Record set:

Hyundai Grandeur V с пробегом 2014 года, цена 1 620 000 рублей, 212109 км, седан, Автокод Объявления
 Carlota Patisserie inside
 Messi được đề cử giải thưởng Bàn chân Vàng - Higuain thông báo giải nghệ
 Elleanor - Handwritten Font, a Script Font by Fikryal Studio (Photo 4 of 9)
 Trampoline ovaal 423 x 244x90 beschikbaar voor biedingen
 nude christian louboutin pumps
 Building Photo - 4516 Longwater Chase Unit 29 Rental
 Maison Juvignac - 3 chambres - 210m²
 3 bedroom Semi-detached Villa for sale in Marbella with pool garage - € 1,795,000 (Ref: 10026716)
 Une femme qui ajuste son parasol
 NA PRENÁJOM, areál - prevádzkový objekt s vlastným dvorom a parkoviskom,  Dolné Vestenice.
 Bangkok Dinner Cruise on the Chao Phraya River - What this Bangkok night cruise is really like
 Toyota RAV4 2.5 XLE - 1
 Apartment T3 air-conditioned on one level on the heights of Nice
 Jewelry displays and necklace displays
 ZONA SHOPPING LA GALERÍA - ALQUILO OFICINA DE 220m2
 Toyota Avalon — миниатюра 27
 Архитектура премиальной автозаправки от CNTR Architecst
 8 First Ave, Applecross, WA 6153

Action item:
Only the stretch of lines that begins with the one holding "Toyota Avalon — миниатюра 27" and ends with the last line above belongs in the answer; please write it out exactly.

Answer for the task:
 Toyota Avalon — миниатюра 27
 Архитектура премиальной автозаправки от CNTR Architecst
 8 First Ave, Applecross, WA 6153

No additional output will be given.